Key Takeaways: Probability — The Foundation of Inference

One-Sentence Summary

Probability provides the mathematical language for quantifying uncertainty, using a small set of rules — complement, addition, and multiplication — that underpin every statistical inference, AI prediction, and data-driven decision that follows.

Core Concepts at a Glance

Concept Definition Why It Matters
Probability A number between 0 and 1 measuring how likely an event is to occur The foundation for all statistical inference
Three approaches Classical (equally likely outcomes), relative frequency (data-driven), subjective (expert judgment) Different situations call for different approaches; all follow the same rules
Law of large numbers As trials increase, observed proportions approach the true probability Why more data gives better estimates; why casinos always win long-term
Complement rule P(not A) = 1 − P(A) Turns hard "at least one" problems into easy "none" problems
Contingency tables Two-way tables showing frequencies for combinations of categorical variables The bridge from data to probability; the format for joint and marginal probabilities

The Three Approaches to Probability

Approach Formula / Method Best For Example
Classical $P(A) = \frac{\text{favorable outcomes}}{\text{total equally likely outcomes}}$ Games of chance, simple random processes Rolling dice, drawing cards
Relative Frequency $P(A) \approx \frac{\text{times A occurred}}{\text{total trials}}$ Situations with historical data Shooting percentages, defect rates
Subjective Expert assessment based on evidence and judgment One-time events, complex predictions Election forecasts, outbreak risk

Probability Rules Quick Reference

Rule 1: Boundaries

$$0 \leq P(A) \leq 1$$

  • P(A) = 0 means impossible
  • P(A) = 1 means certain

Rule 2: All Outcomes Sum to 1

$$\sum P(\text{all outcomes}) = 1$$

Rule 3: Complement

$$\boxed{P(\text{not } A) = 1 - P(A)}$$

When to use: When calculating "at least one" or "not A" is easier than calculating P(A) directly.

Rule 4: Addition Rule

Mutually exclusive events (no overlap): $$P(A \text{ or } B) = P(A) + P(B)$$

General (any events): $$\boxed{P(A \text{ or } B) = P(A) + P(B) - P(A \text{ and } B)}$$

When to use: Any time you need P(A or B). Always subtract the overlap unless you know the events are mutually exclusive.

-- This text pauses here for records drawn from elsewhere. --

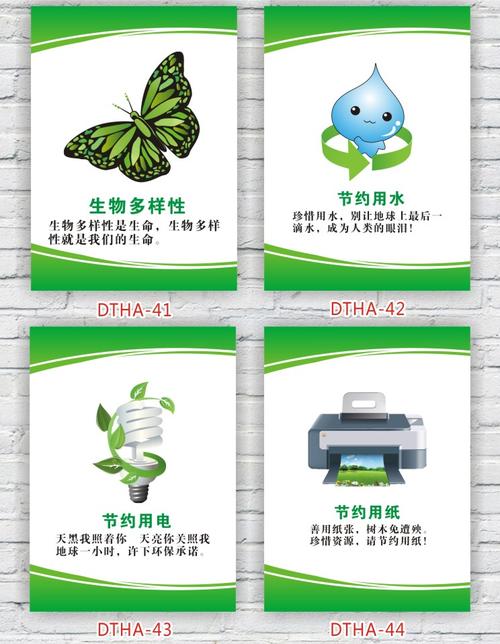 节能减排口号
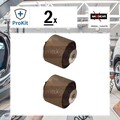 2x ORIGINAL® Maxgear Lagerung, Lenker Vorne, Hinten, Links, Rechts für VW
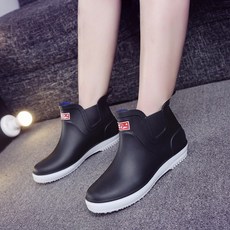 락피쉬남자레인부츠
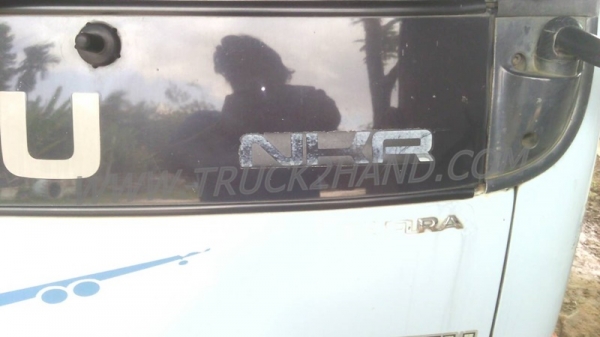 รถบรรทุก 6 ล้อดัมพ์  ISUZU  NKR   เครื่อง 4JB1 ดัมพ์สามมิตร  ขนาดบรรทุก 3 ตัน..ดูสภาพรถและทดลองขับพร้อมต่อรองราคาได้อีกที่ศูนย์พักรถ truck2hand จังหวัดสระบุรี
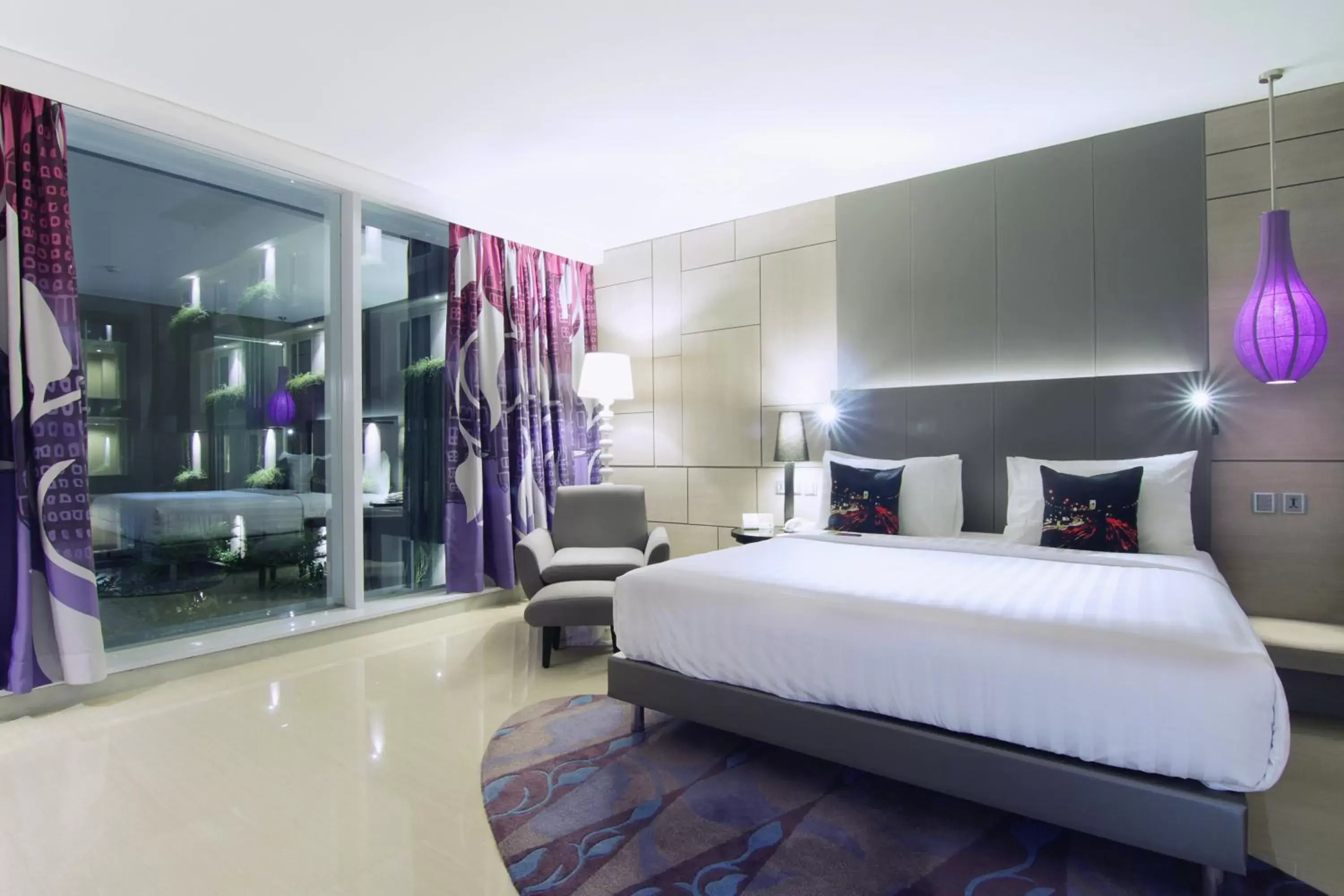 bunk bed, Room Photo in Mercure Jakarta Sabang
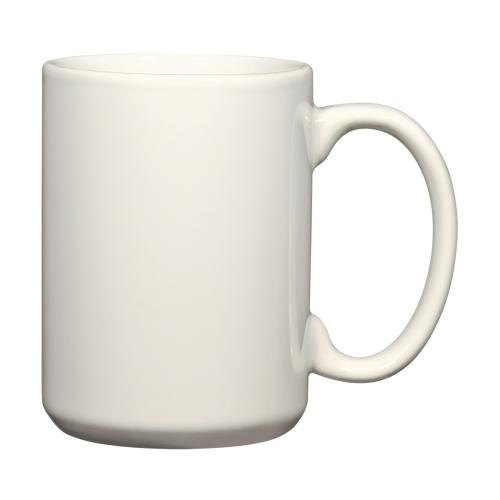 Drinkware - Mugs - VividBrew 15oz Custom Color Mug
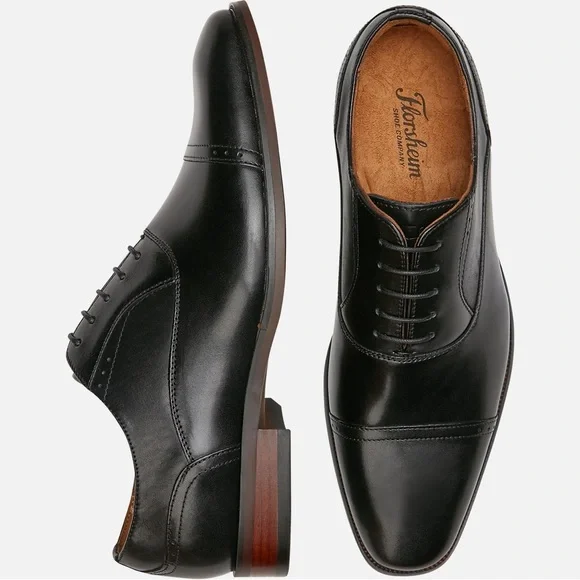 Florsheim | Shoes | Florsheim Roseto Cap Toe Oxfords Size 5  display picture 3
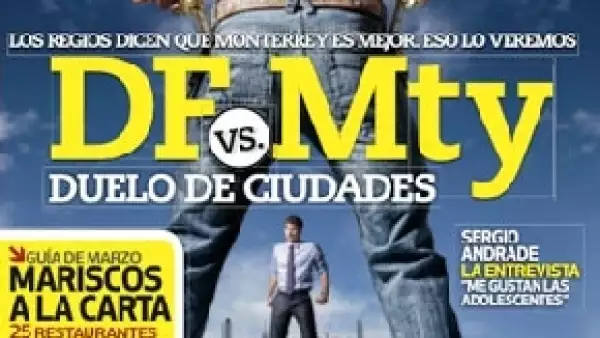 En su más reciente número, la publicación habla con el polémico compositor y representante sobre su carrera, sus hijos y su versión del llamado Clan.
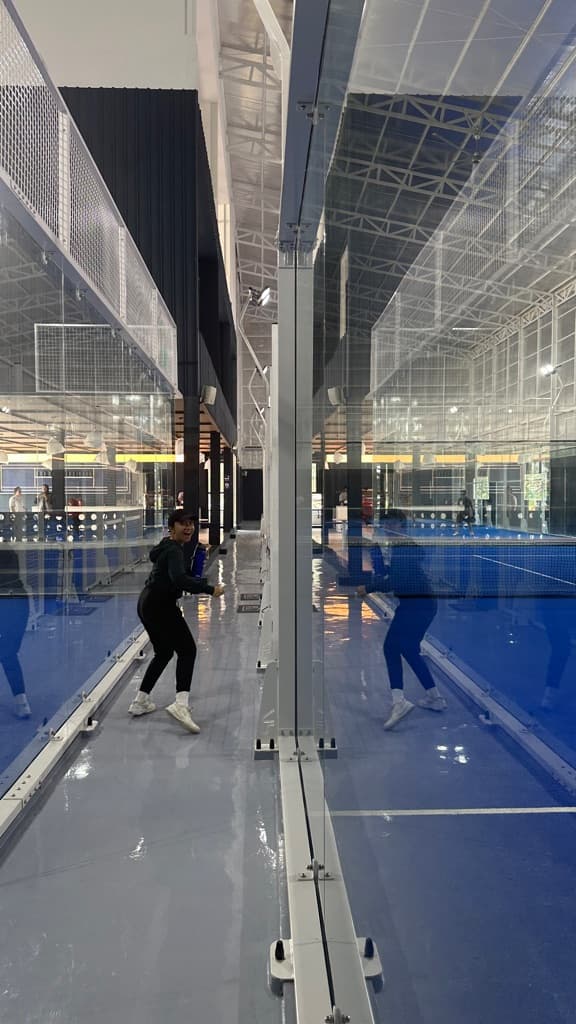 ERBE Padel Club media 1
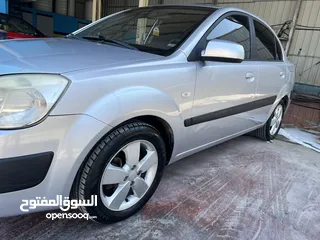  9 كيا برايد جولد 2009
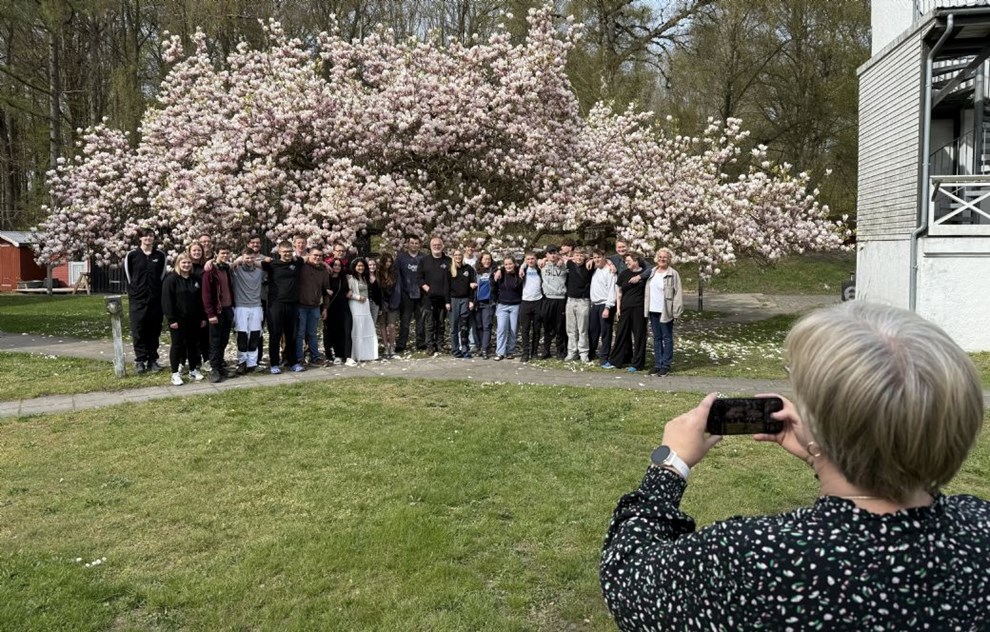 Efterskolen drejer nglen om: 'Der blev meget stille' 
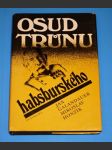 Osud trůnu Habsburského - náhled
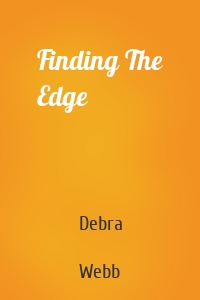 Finding The Edge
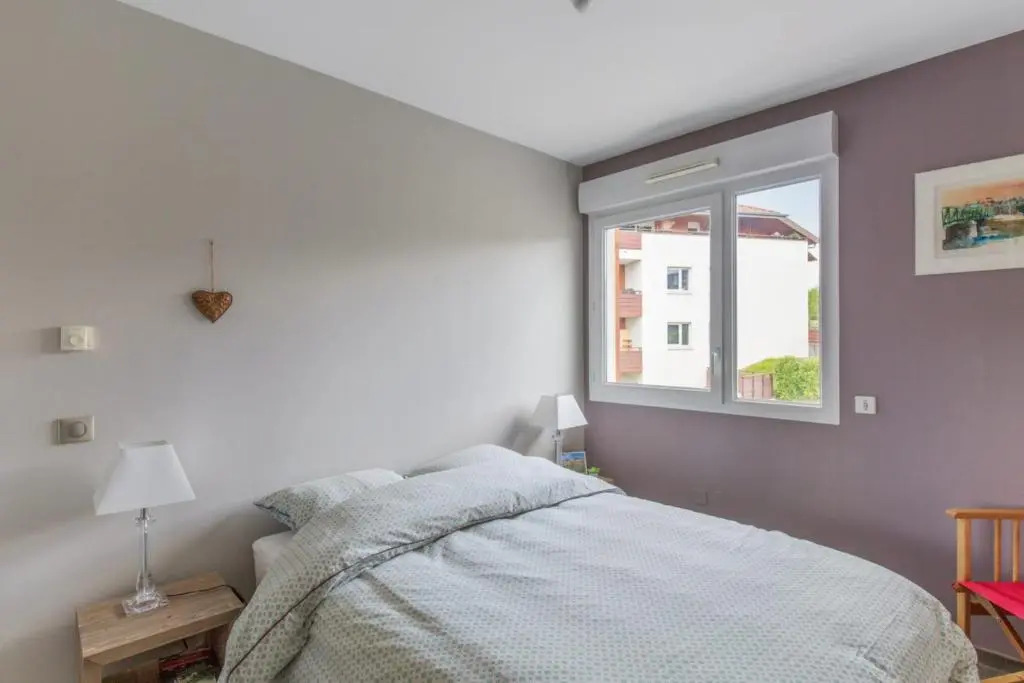 3-rooms flat in Annecy in the lovely Seynod village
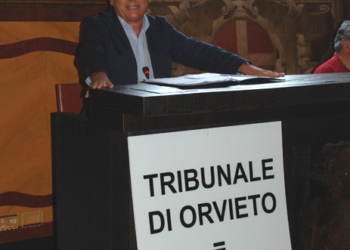 Tribunale di Orvieto verso la chiusura. La strenua battaglia per un rinvio o per limitare i danni
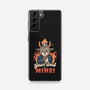 Your Soul Is Mine-Samsung-Snap-Phone Case-eduely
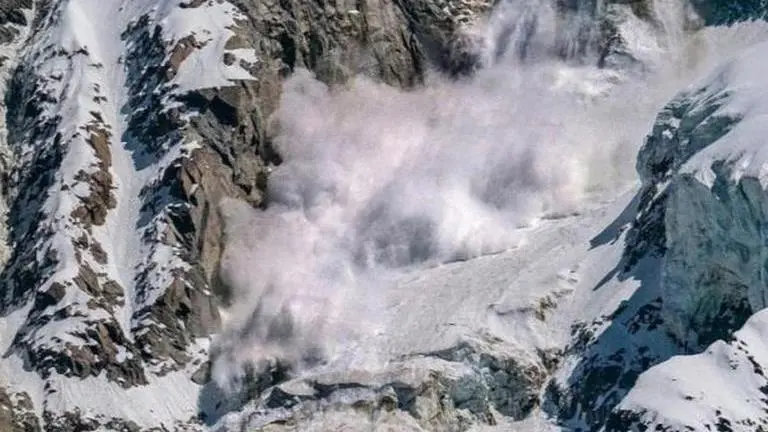 Senior CRPF official, driver killed in landslide in J&K's Banihal CRPF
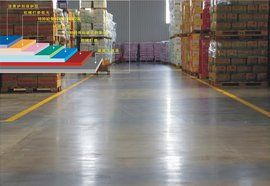 耐磨地坪 耐磨地坪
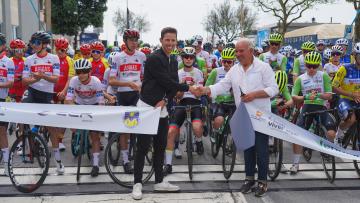 Troféu Rui Costa corre-se sábado e domingo na Póvoa de Varzim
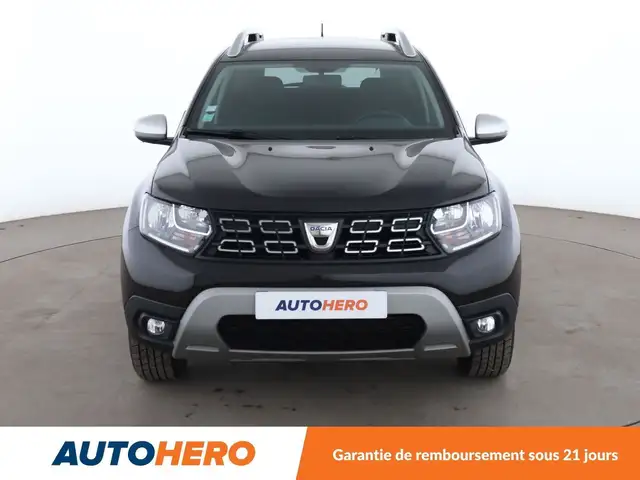 Dacia Duster view 9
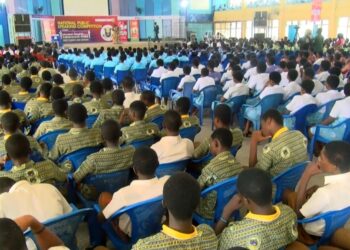 2023 edition of National Public Speaking Competition launched 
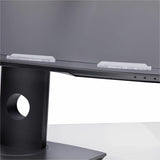 StarTech.com Privacy Screen For Dell U3824DW Curved Ultrawide 21:9 Monitor, Double-Sided, Computer Desktop Monitor Screen Protector, TAA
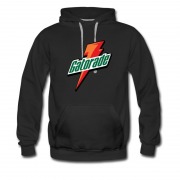 Men's Gatorade Logo Sport Grey Shirt All Size Hoodie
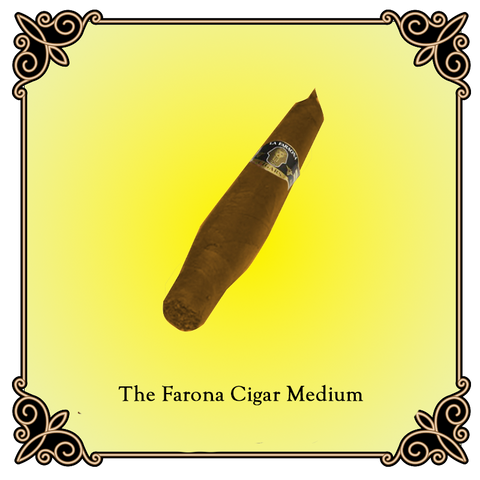 "Faraona" Only at La Faraona Cigars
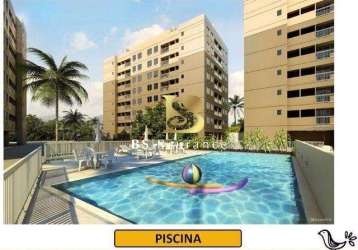 Apartamento com 3 quartos à venda na estrada frei orlando, 4038, piratininga, niterói por r$ 320.000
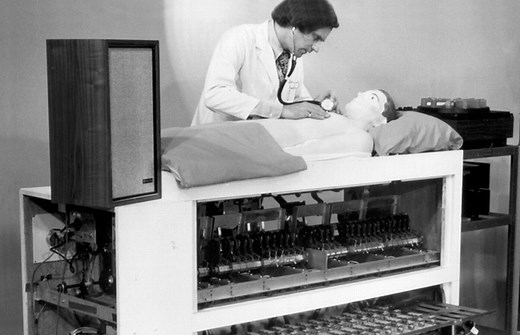 Learning from the History of Clinical Simulation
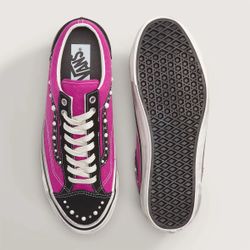 Vans Size 10 Men’s 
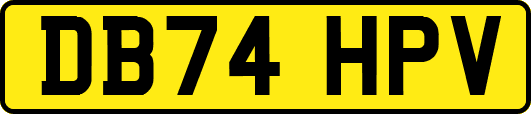 DB74HPV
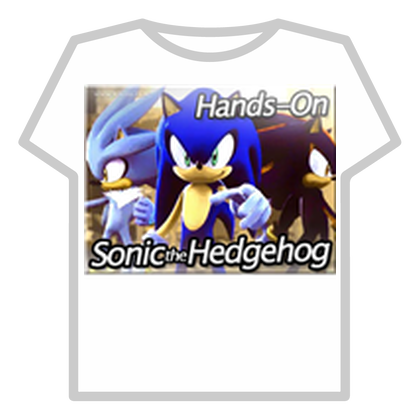 Sonic Shadow Silver Team Up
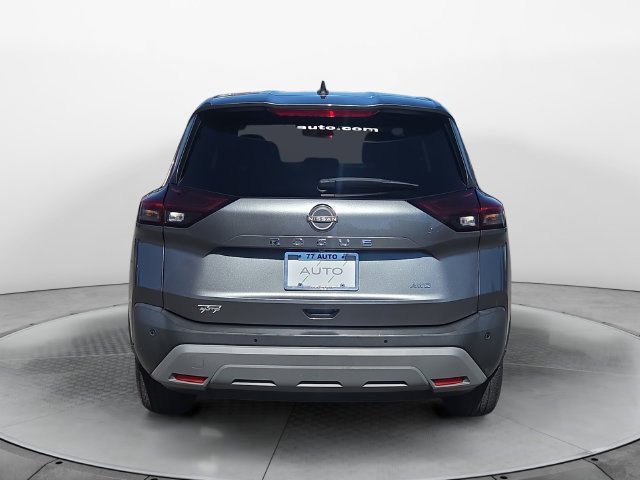Used 2023 Nissan Rogue S AWD/4WD image 4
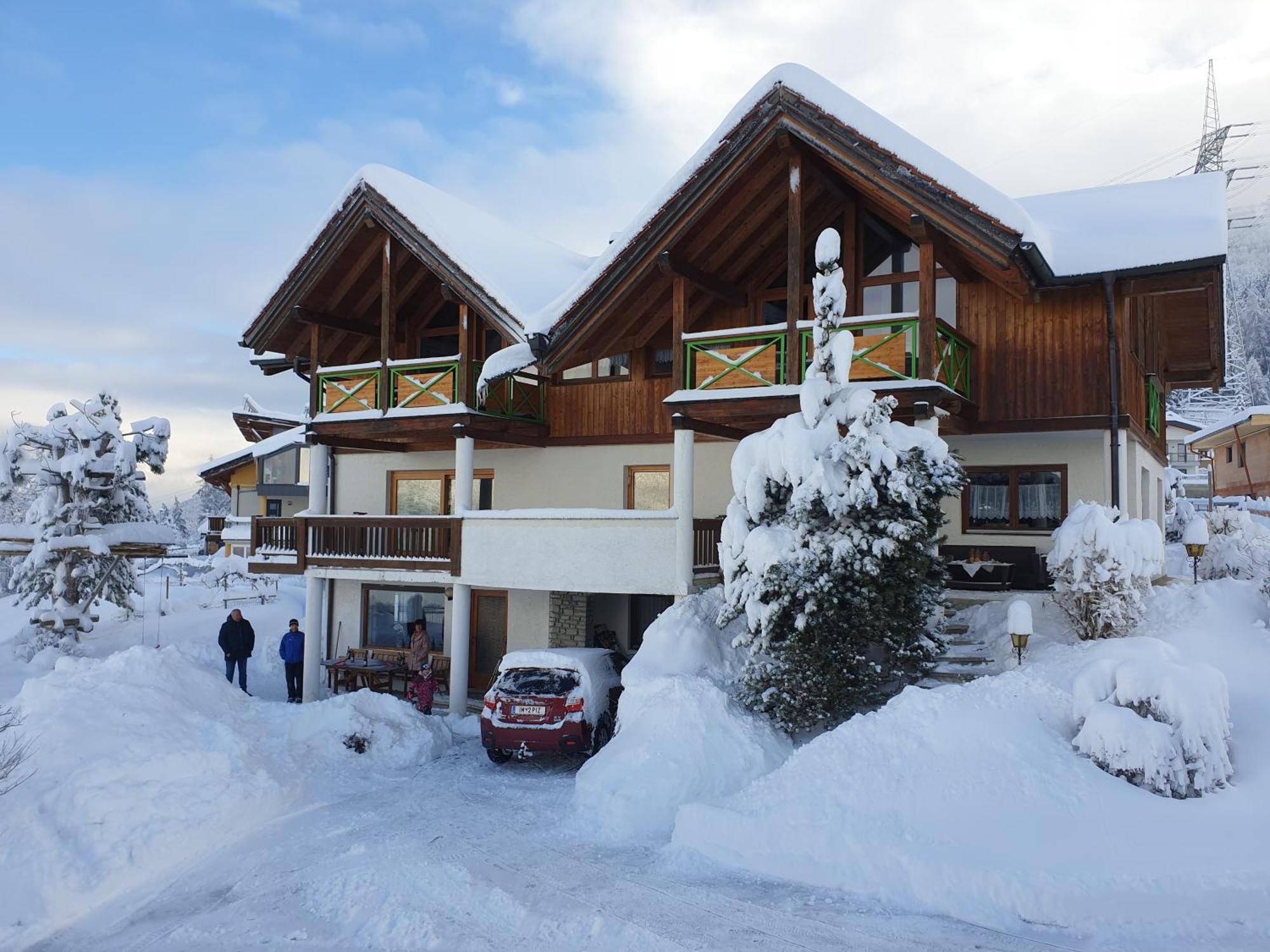 Piz Apart Raich Arzl im Pitztal Exterior foto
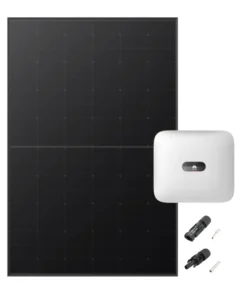 Huawei solcellepakke til tegltag 16 paneler 6,56 kWp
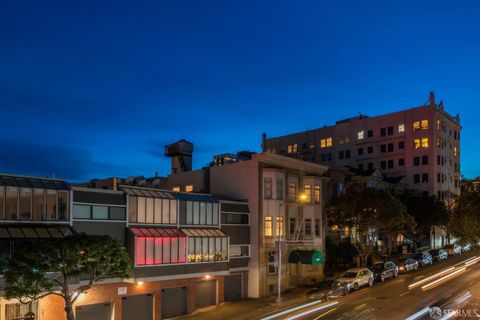 A home in San Francisco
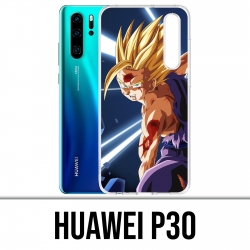 Huawei P30 Funda - Dragon Ball Gohan Kameha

Rule 5: Multiplication Rule (Independent Events)

$$\boxed{P(A \text{ and } B) = P(A) \times P(B)}$$

When to use: When events are independent (one doesn't affect the other). Always verify independence before using this rule.

Decision Guide: Which Rule Do I Need?

What probability are you calculating?
│
├── P(not A)?
│   └── COMPLEMENT RULE: P(not A) = 1 − P(A)
│
├── P(A OR B)?
│   ├── Are A and B mutually exclusive?
│   │   ├── YES → P(A or B) = P(A) + P(B)
│   │   └── NO  → P(A or B) = P(A) + P(B) − P(A and B)
│   └── TIP: If you have a contingency table, count directly
│       and divide by the grand total to verify
│
├── P(A AND B)?
│   ├── Are A and B independent?
│   │   ├── YES → P(A and B) = P(A) × P(B)
│   │   └── NO  → Need conditional probability (Ch. 9)
│   └── TIP: In a contingency table, this is cell ÷ grand total
│
└── P(at least one)?
    └── COMPLEMENT TRICK:
        P(at least one) = 1 − P(none)
        Often combine with multiplication rule for P(none)

Key Distinctions

Mutually Exclusive vs. Independent

Mutually Exclusive Independent
Meaning A and B CANNOT both happen Knowing A doesn't change P(B)
P(A and B) = 0 = P(A) × P(B)
Asks "Can these co-occur?" "Do these influence each other?"
If both have P > 0 They CANNOT be independent They might or might not be mutually exclusive
Example Rolling 2 and 5 on one die Rolling a 2 on one die, flipping heads on a coin

Critical point: Mutually exclusive events (with non-zero probability) are ALWAYS dependent. Knowing A happened tells you B didn't — that's information, which means dependence.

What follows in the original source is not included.